╔══

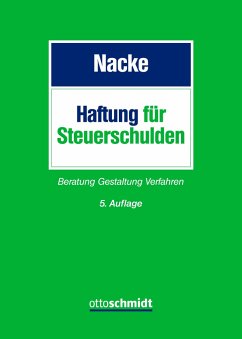 Haftung für Steuerschulden - Nacke, Alois Th.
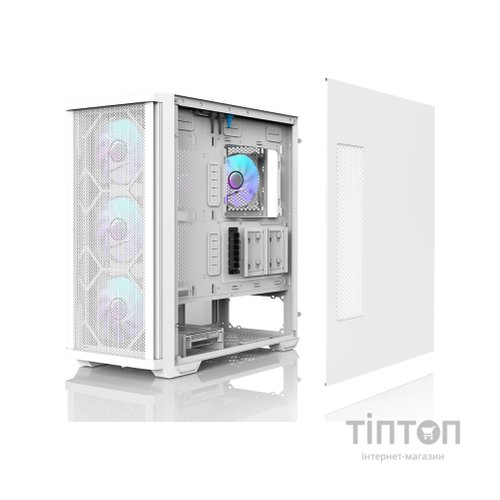 Корпус для ПК Zalman Z10 Duo (Z10DUOWHITE)
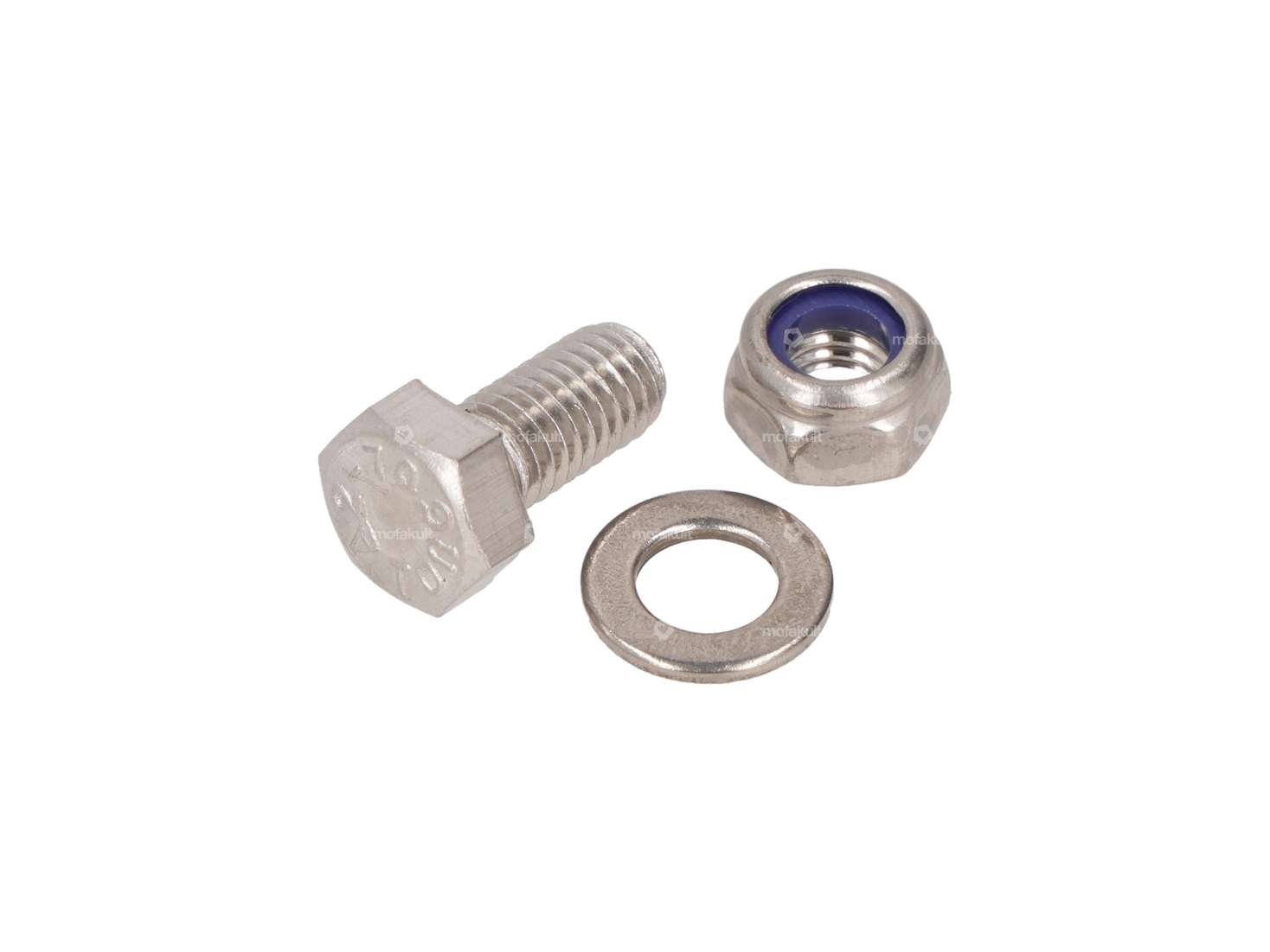 swiing® revival Schrauben-Set Sockel Starterrelais Inox | Pony GTX, Cross 521 Carousel Image 1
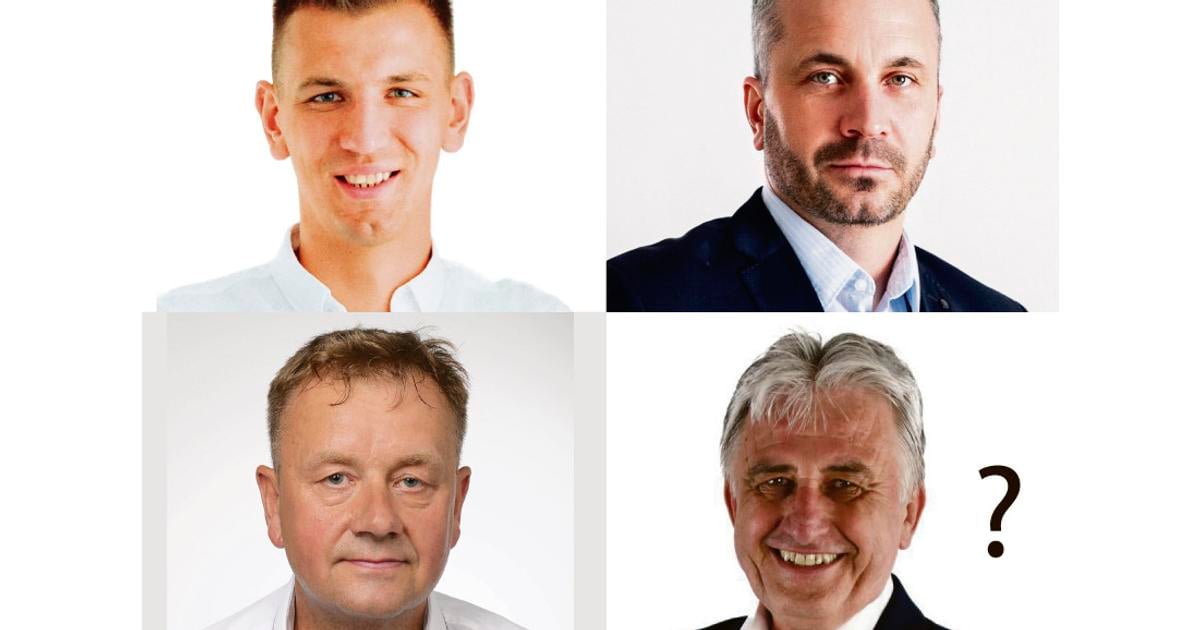Boj o miesto primatora Namestova V hre su ucitel kontrolor aj uradnik sucasny sef radnice este vaha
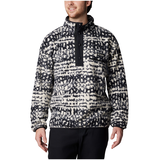 Chandail en molleton sherpa à demi-fermeture à boutons-pression pour hommes, Helvetia&nbsp;II, Columbia Front_Flat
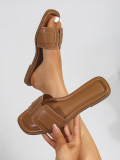 Casual Comfortable Soft Flat Outdoor Sandals for Women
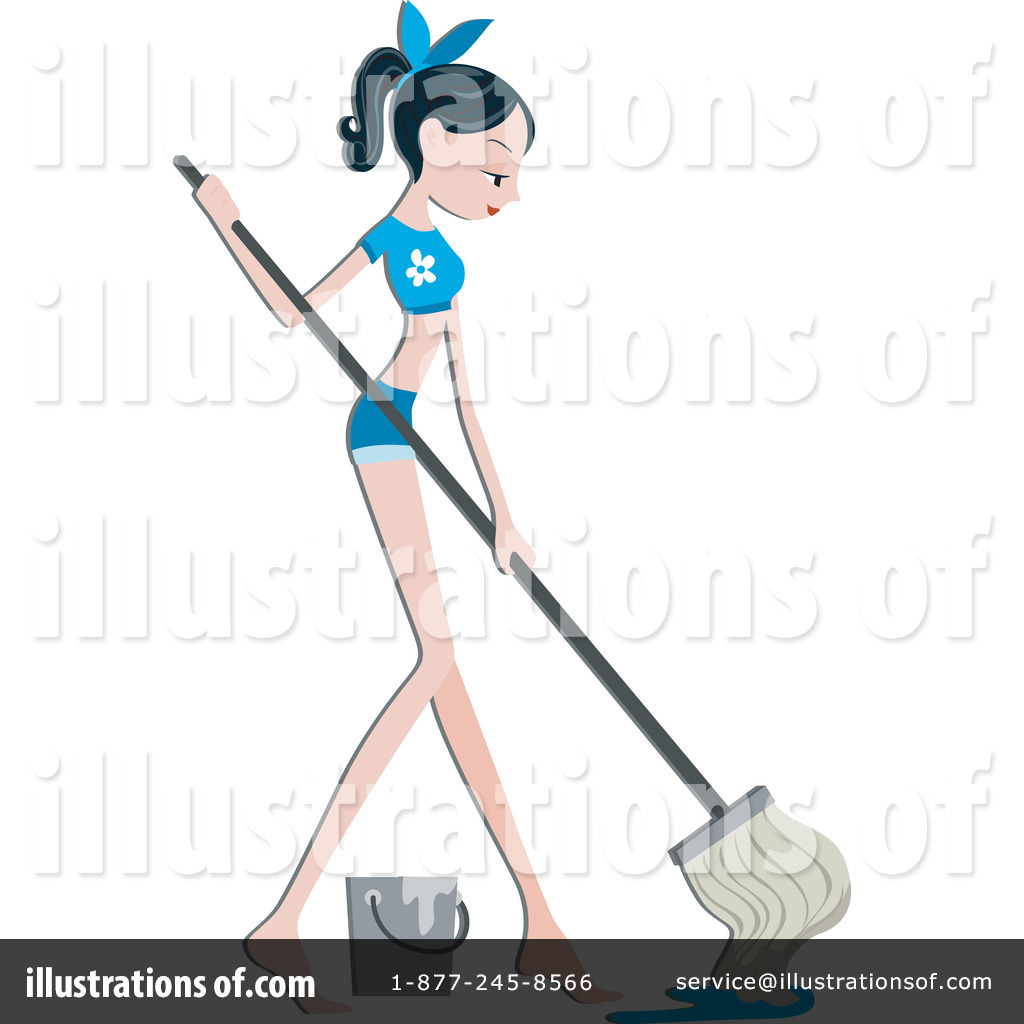 clipart man mopping floor - photo #41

╚══

- **About this task**:
A faithful copy of the data above is wanted, with every image left out.

- **Exercise output**:
 Haftung für Steuerschulden - Nacke, Alois Th.
 Корпус для ПК Zalman Z10 Duo (Z10DUOWHITE)
 swiing® revival Schrauben-Set Sockel Starterrelais Inox | Pony GTX, Cross 521 Carousel Image 1
Boj o miesto primatora Namestova V hre su ucitel kontrolor aj uradnik sucasny sef radnice este vaha
 Chandail en molleton sherpa à demi-fermeture à boutons-pression pour hommes, Helvetia&nbsp;II, Columbia Front_Flat
 Casual Comfortable Soft Flat Outdoor Sandals for Women
 clipart man mopping floor - photo #41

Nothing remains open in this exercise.